The duty to consult emerges from the recognition and affirmation of Indigenous and treaty rights in section 35(1) of the Constitution Act, 1982. It is associated with the Supreme Court of Canada’s recognition of the obligation to protect the honour of the Crown. As Chief Justice Beverley McLachlin explained in 2004: “It is a corollary of section 35 that the Crown act honourably in defining the rights it guarantees and in reconciling them with other rights and interests. This, in turn, implies a duty to consult and, if appropriate, accommodate.” Because this obligation applies only to those rights affirmed and recognized in section 35 of the Constitution Act, 1982, it is reasonable to conclude that the duty to consult in Canada is associated with rectifying the imbalance of power that historically has existed in the country between the government and Indigenous peoples.
The steps required to fulfill the requirements for the duty to consult are a work in progress. This is due, in part, to the fact that the Indigenous and treaty rights involved in various cases differ in both scope and content, and in their relationship to the Crown.
However, the federal government has prepared a lengthy guide to consultation and accommodation. The first steps are to consider if the contemplated actions or regulations may have harmful or unfavourable impacts on Indigenous rights. The government must then identify those Indigenous communities that have potential or existing rights that might be infringed upon and enter into meaningful consultation with them regarding those potential impacts. Industry representatives, boards, tribunals, regulatory authorities and Indigenous communities all play an essential role in this process. During consultation, projects may be delayed while discussions regarding adequate compensation occur.

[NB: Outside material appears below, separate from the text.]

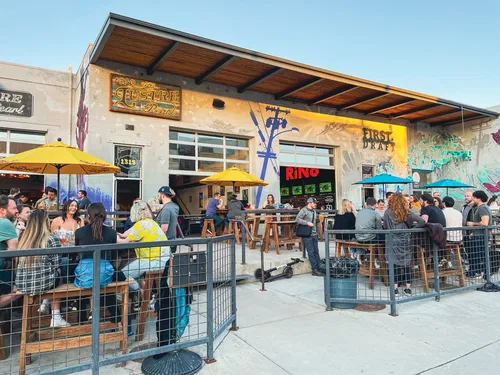 Image taken from https://www.uncovercolorado.com/wp-content/uploads/2022/06/lustre-pearl-denver-rino-colorado.jpeg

The duty to consult is most apparent on projects or regulations that have environmental impacts because they often involve issues concerning Indigenous and treaty rights, such as access to land, water and resources. For example, a pipeline might indirectly impact wildlife migration patterns of animals important to Indigenous societies and economies. Similarly, a tailings pond (see also Mining and Oil Sands) may have the potential to impact fisheries and migratory birds, or a new government regulation might restrict land use on traditional territories. In each of these cases, meaningful consultation must be undertaken with Indigenous nations prior to action.
Select Case Law
The duty to consult has been at the heart of a number of important legal cases in Canada. In its 2004 decision in the Haida case, the Supreme Court of Canada established that the duty to consult and, if appropriate, accommodate, extends to existing and potential Indigenous rights. The decision notes that: “The Crown, acting honourably, cannot cavalierly run roughshod over Aboriginal interests where claims affecting these interests are being seriously pursued in the process of treaty negotiation and proof. It must respect these potential, but yet unproven, interests.” While the court admitted that the federal government “is not rendered impotent” (i.e., powerless) by this legal requirement, it emphasized that:
Depending on the circumstances… the honour of the Crown may require it to consult with and reasonably accommodate Aboriginal interests pending resolution of the claim. To unilaterally exploit a claimed resource during the process of proving and resolving the Aboriginal claim to that resource, may be to deprive the Aboriginal claimants of some or all of the benefit of the resource. That is not honourable.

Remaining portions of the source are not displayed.